- [Exercise materials]
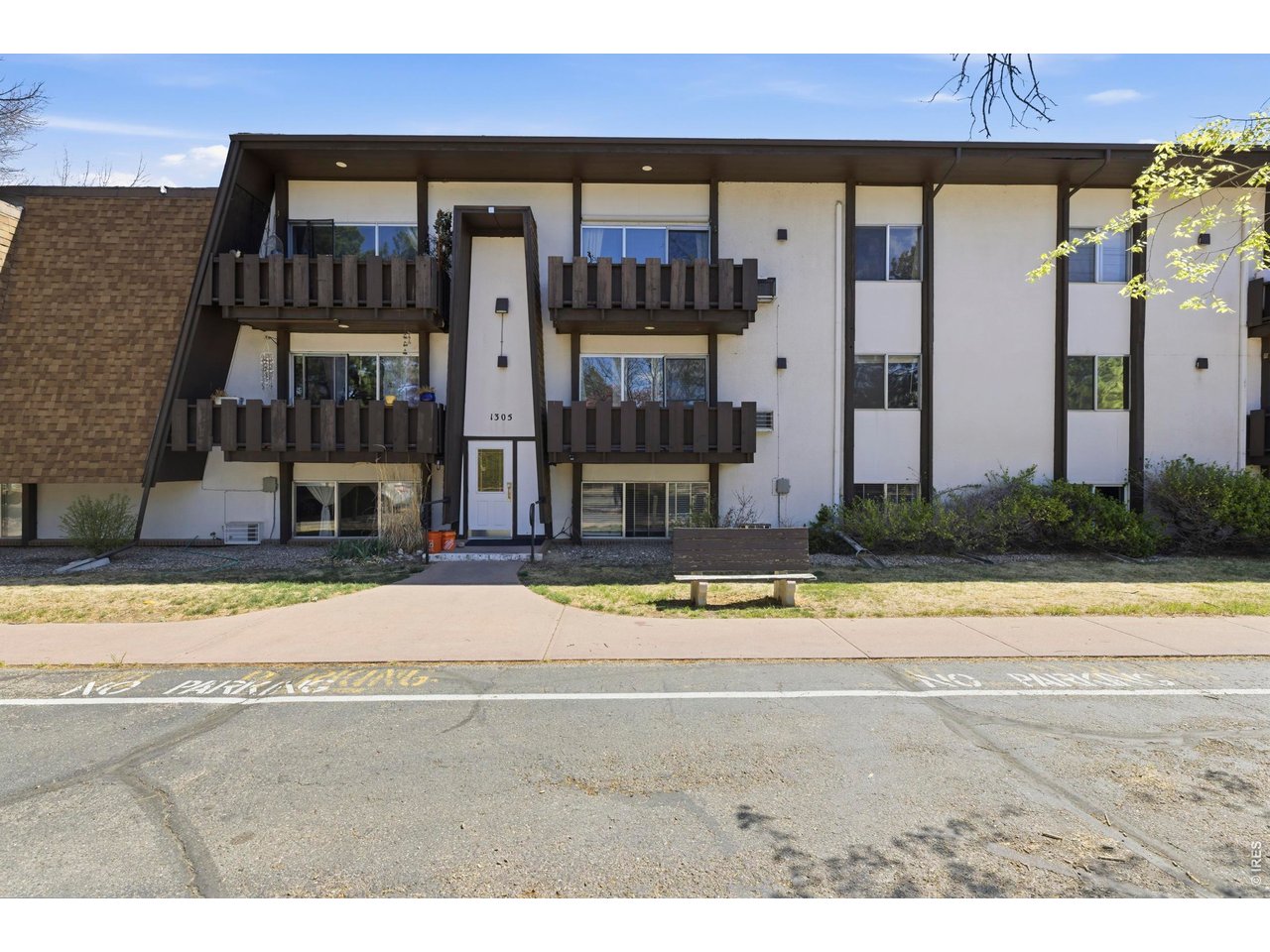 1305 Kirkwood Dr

* * *

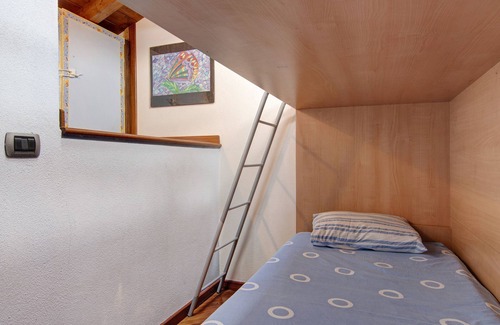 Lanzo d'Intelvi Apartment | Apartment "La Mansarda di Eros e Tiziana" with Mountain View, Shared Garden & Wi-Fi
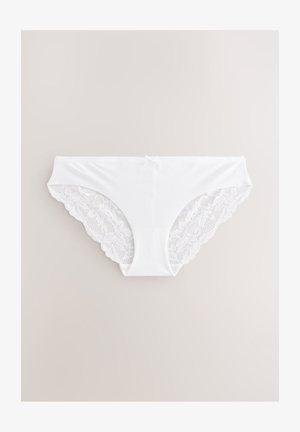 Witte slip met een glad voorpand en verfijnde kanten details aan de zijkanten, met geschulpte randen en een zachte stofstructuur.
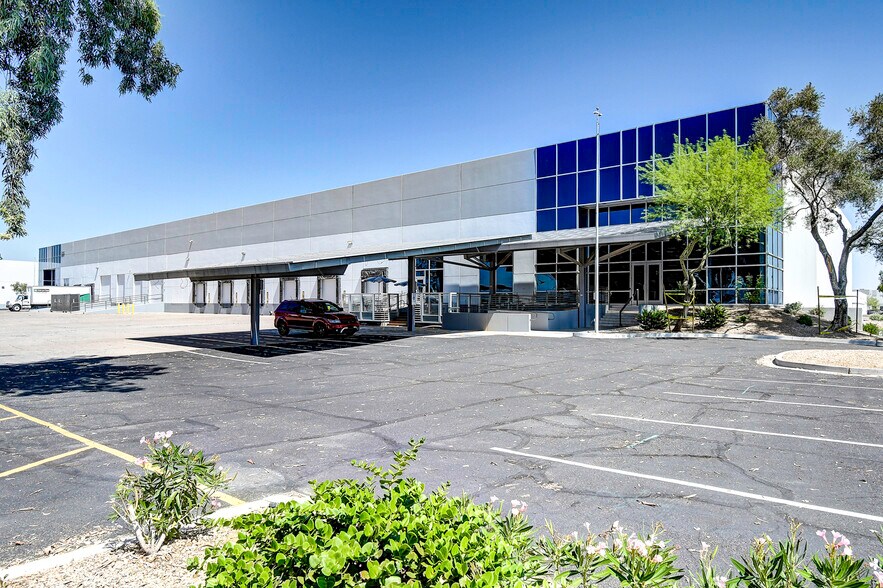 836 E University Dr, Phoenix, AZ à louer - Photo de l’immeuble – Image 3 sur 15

...

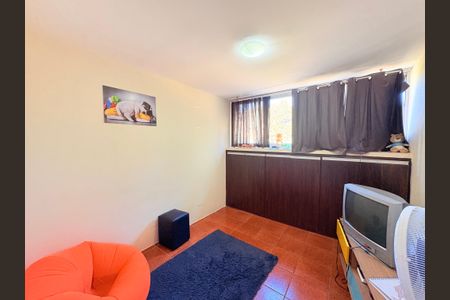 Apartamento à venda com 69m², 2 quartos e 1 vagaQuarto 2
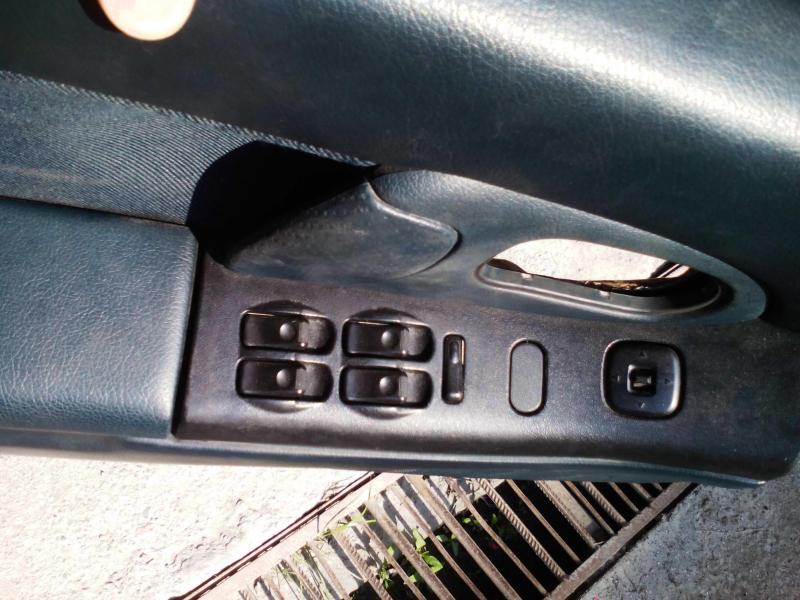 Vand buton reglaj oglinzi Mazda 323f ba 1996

- [Instructions to follow]
Working from the entries above, please transcribe only the lines from the line with "Apartamento à venda" through the line with "Vand buton reglaj oglinzi Mazda 323f ba 1996", exactly, with both end lines and without pictures.

- [Output for this task]
 Apartamento à venda com 69m², 2 quartos e 1 vagaQuarto 2
 Vand buton reglaj oglinzi Mazda 323f ba 1996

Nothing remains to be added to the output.